Who is Mephibosheth? We are. We are fallen and crippled by sin. We have been enemies of God. Yet Jesus Christ, the Son of David, has sought us out and found us. He has invited us to eat continually at the King’s table as one of the Father’s own sons.

“But David remained at Jerusalem” (2 Samuel 11:1b ESV)

From: May 26, 2016

In the Spring, when kings go to war, David stayed home. Yet, he sent his army off to engage in a conflict. Perhaps he told himself that he deserved a break. The leader who usually led from the front, didn’t even leave his house. And so, a kind of restless ennui seems to have settled on him. He strolled around on the roof of his palace, while his troops marched to battle. In was in that moment, that the most dangerous foe in David’s career was observed. Was it another giant from Gath preparing to charge? No. Was it an enemy archer taking aim at the king? No. It was a beautiful woman, bathing on the roof of a nearby house. In that moment, that lazy, unfocused moment, David’s heart was breached by a spiritual battle more deadly than any giant’s sword or assassin’s dart. David’s unguarded eyes fell upon beautiful Bathsheba and his casual glance turned into a lustful look. In the next few days, David, the man “after God’s own heart,” went from apathy to adultery and from spiritual malaise to murder. David, the champion, was defeated by sexual temptation. Thinking himself safe within the confines of his palace, he was overcome by man’s ancient foe. Staying home, David surrendered to sin.

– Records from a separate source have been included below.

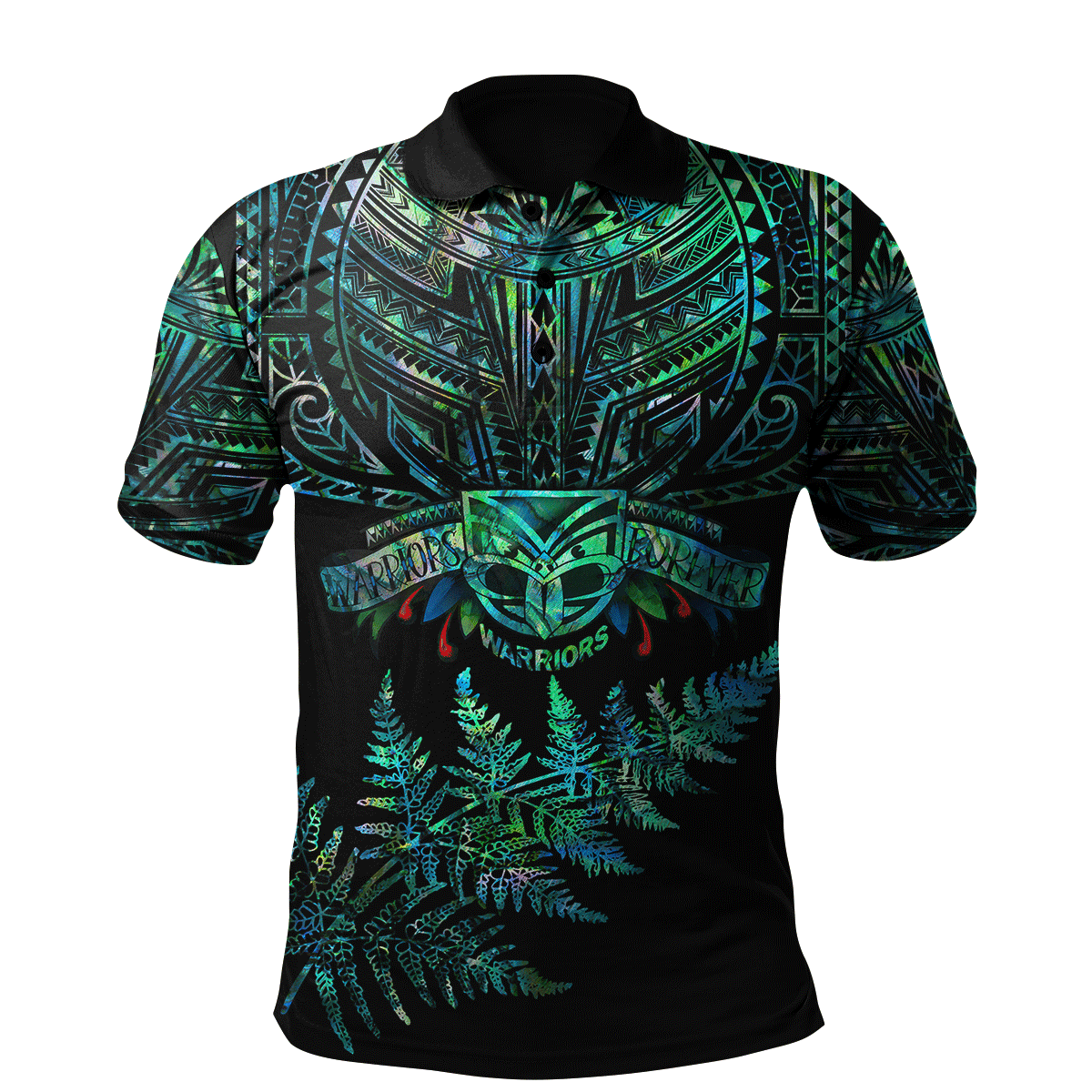 Maori 3D Printed Unisex Shirts AM31052102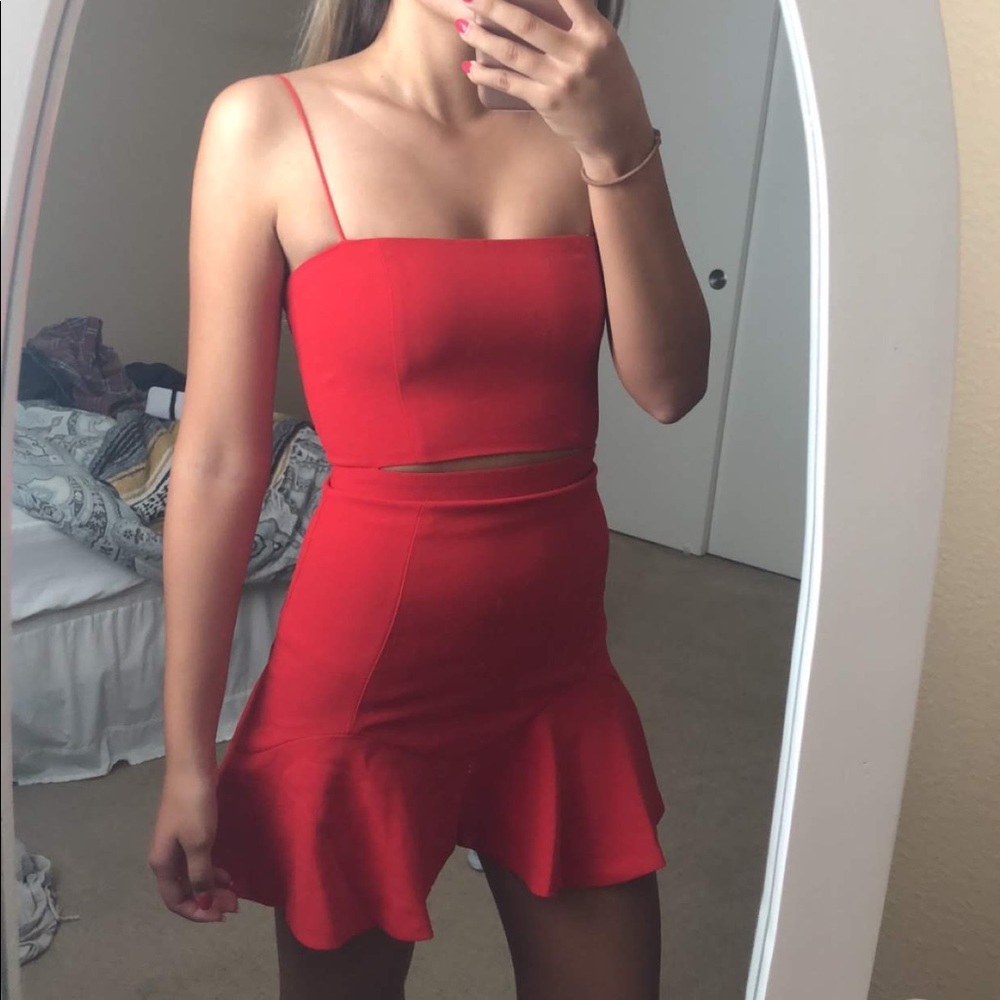 WHITE FOX BOUTIQUE DRESS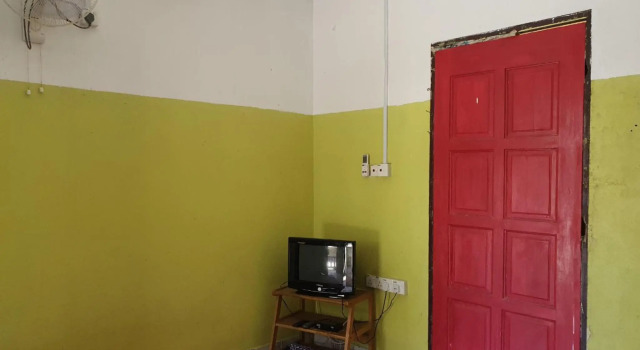 Номер Deluxe OYO 90302 Dimuara Chalet Tok Bali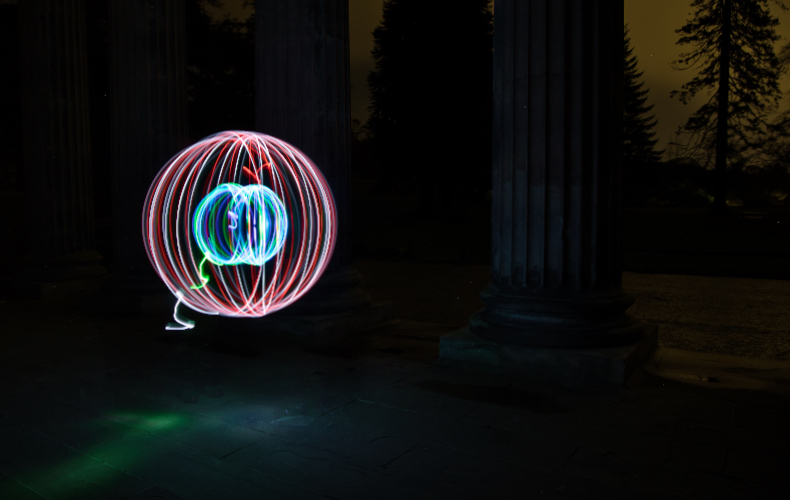 RPS Camperdown Orb At Dusk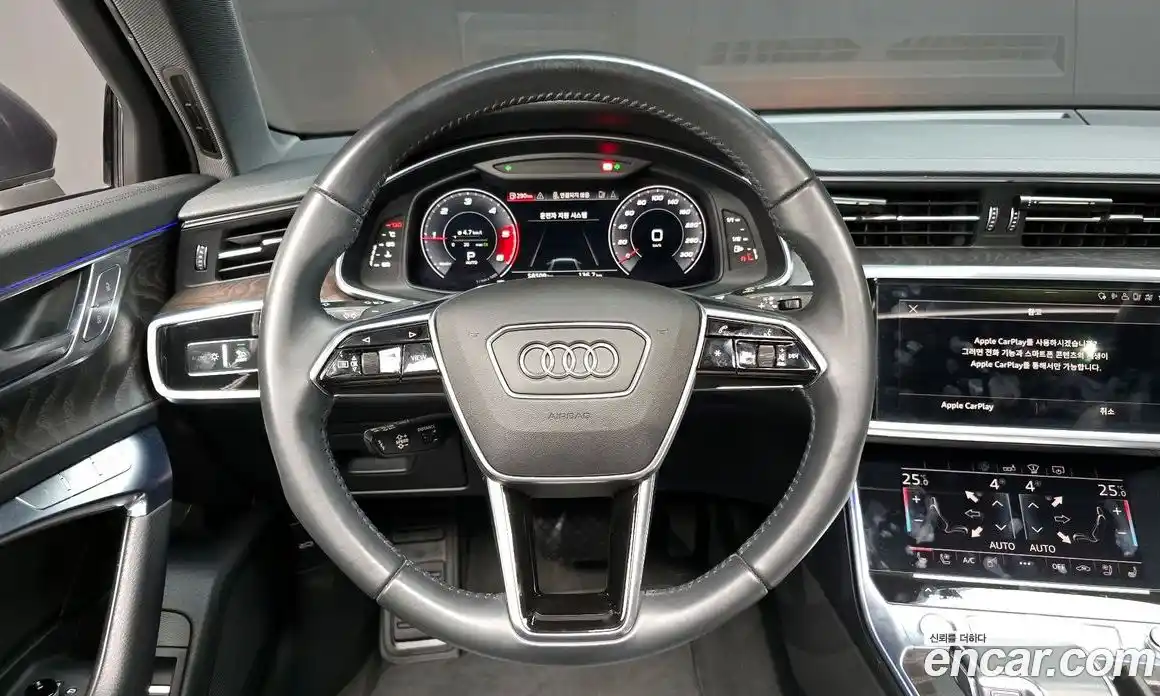 Audi A6 2020 2.0 гидро в Москве № 189839, фото 13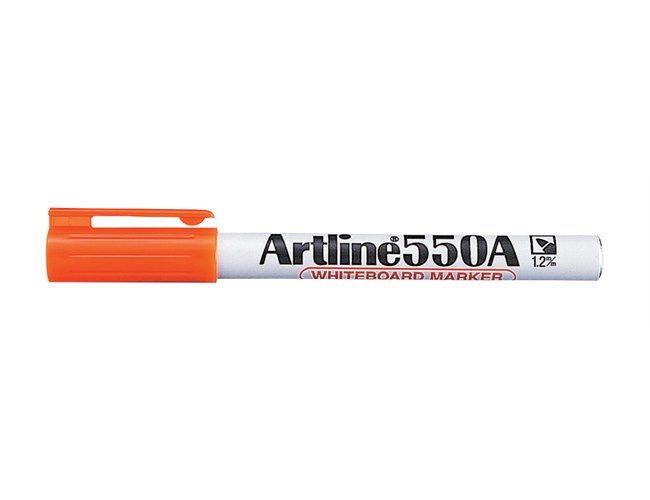Artline 550A Fine Bullet Whiteboard Marker – 1.2mm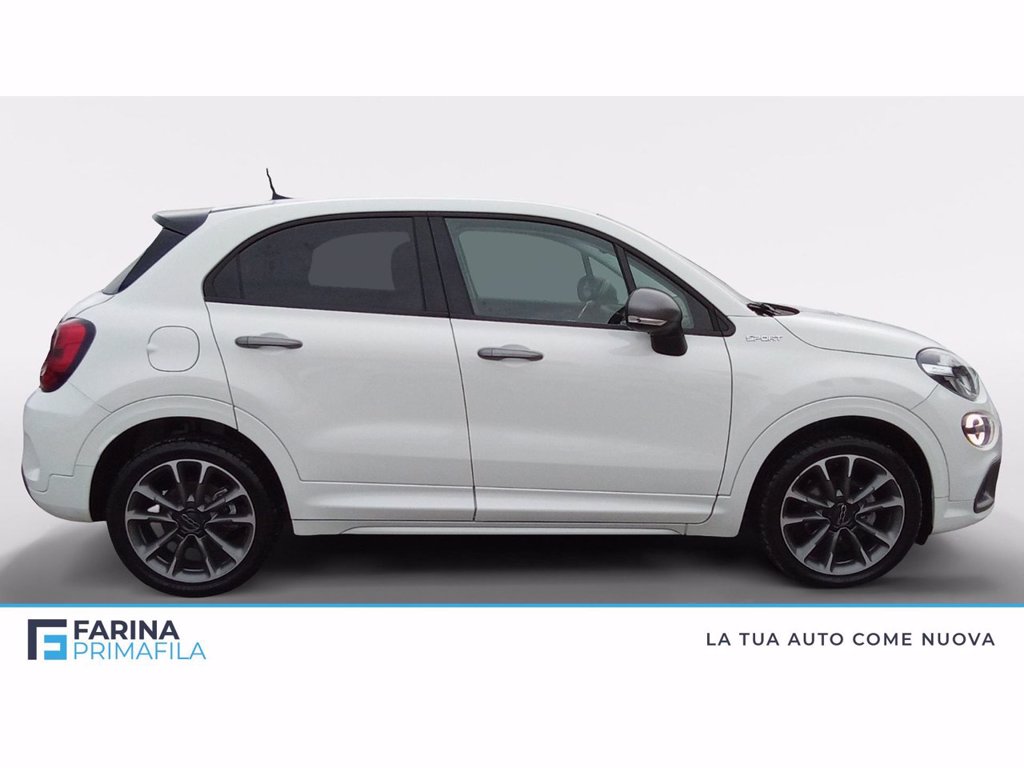 FIAT 500x 1.3 mjet sport 95cv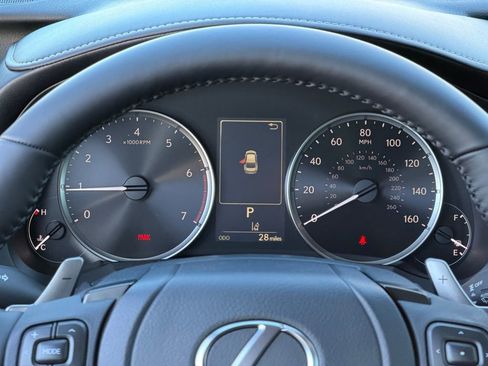 New 2025 Lexus IS 300 w/ Premium Package image 22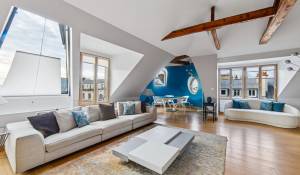 Vermietung Wohnung Paris 16ème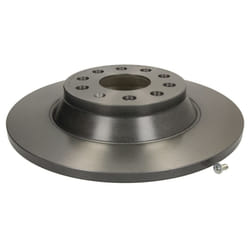 Disque de frein BREMBO 08C50111 arrière, plein, 1 pièce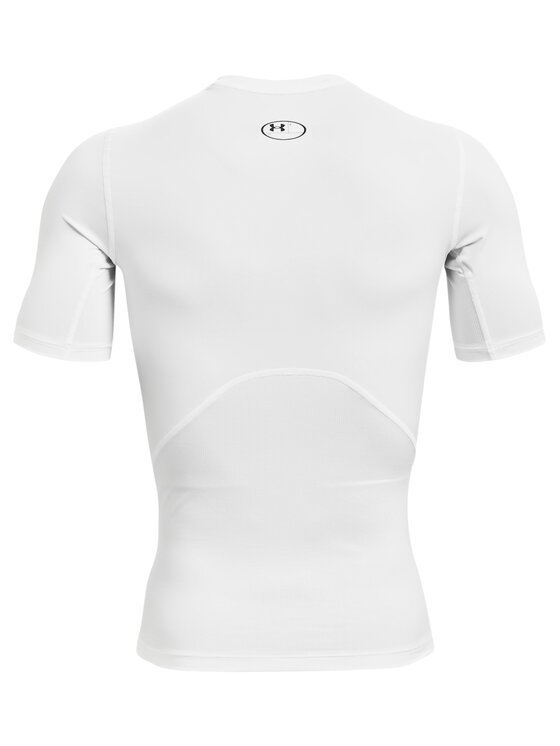 Under Armour Under Armour Tehnička majica Ua HeatGear® Armour 1361518 Bijela Compression Fit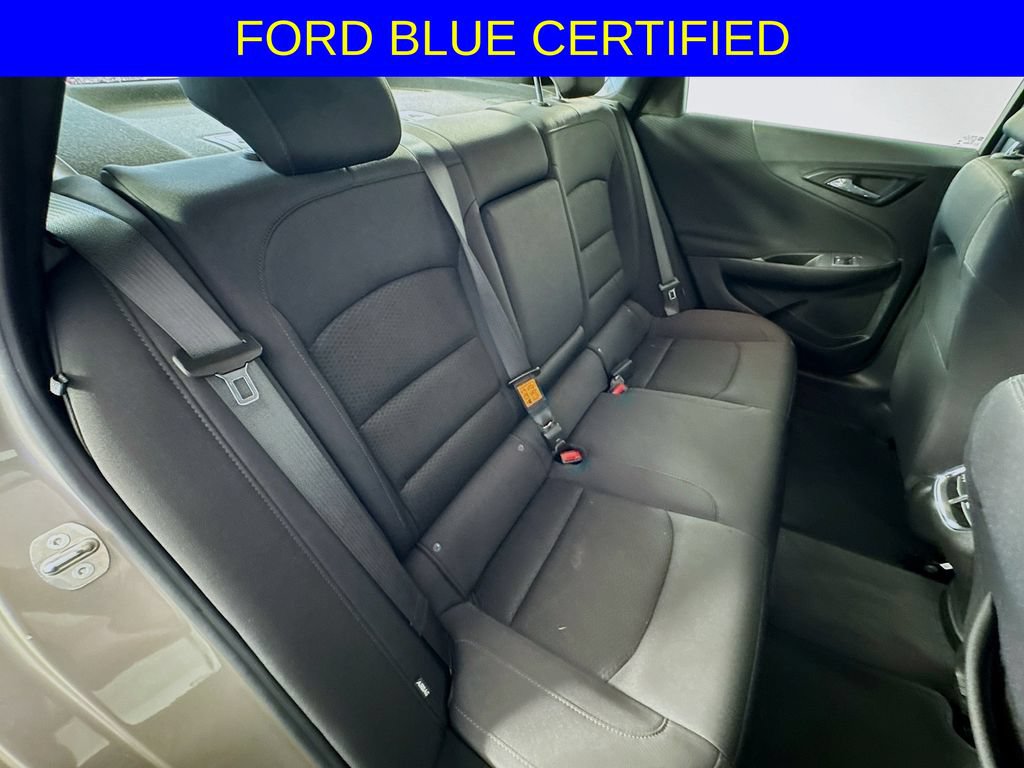 Used 2023 Chevrolet Malibu LT FWD image 28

“I am the vine, you are the branches. He who abides in Me, and I in him, bears much fruit; for without Me you can do nothing” (John 15:5 NKJV)

From: May 26, 2015

The abiding life begins with salvation, yet here in John 15, Jesus is speaking of the abundant life that becomes evident as we continue to abide in Him. We understand that our salvation is accomplished by Christ and by no effort of our own. Yet, after receiving this salvation through faith, we often attempt to live the Christian life by our own self-effort. But just as we are saved by grace through faith, so shall we continue to live by “abiding” in God’s grace through faith. Wherever we are not exhibiting love, joy peace, patience, kindness, goodness, faithfulness, gentleness and self-control, in that very place we are not abiding in Christ. Abiding, we rest in Christ, drawing on His life-giving power and presence even in the midst of life’s storms. We are not called to imitate Christ, but to abide in Him, so that His life is manifest in ours.

“Your promise revives me; it comforts me in all my troubles” (Psalm 119:50 NLT)

From: May 26, 2014

Psalm 119 is not only the longest psalm. It is the longest chapter in the Bible. It is an acrostic poem with 22 stanzas based on the Hebrew alphabet. This verse is found in the stanza beginning with Hebrew’s 7th letter “zayin.” It speaks of God’s “promise” which comforts the psalmist in his troubles. It doesn’t name which promise. It could be one of many. Psalm 119 is an anthem to God’s Word. It celebrates his laws, promises, statutes, words, decrees, etc. (and many other synonyms for “word.” How many can you find?). When I feel troubled, I often find solace in God’s promises. The Lord is a promise-making and a promise-keeping God. I meditate on his promises and find comfort there. Today, I am encouraged by his promise to always be with us, even until the end of the age. If I have his presence, I have him and all his promises too.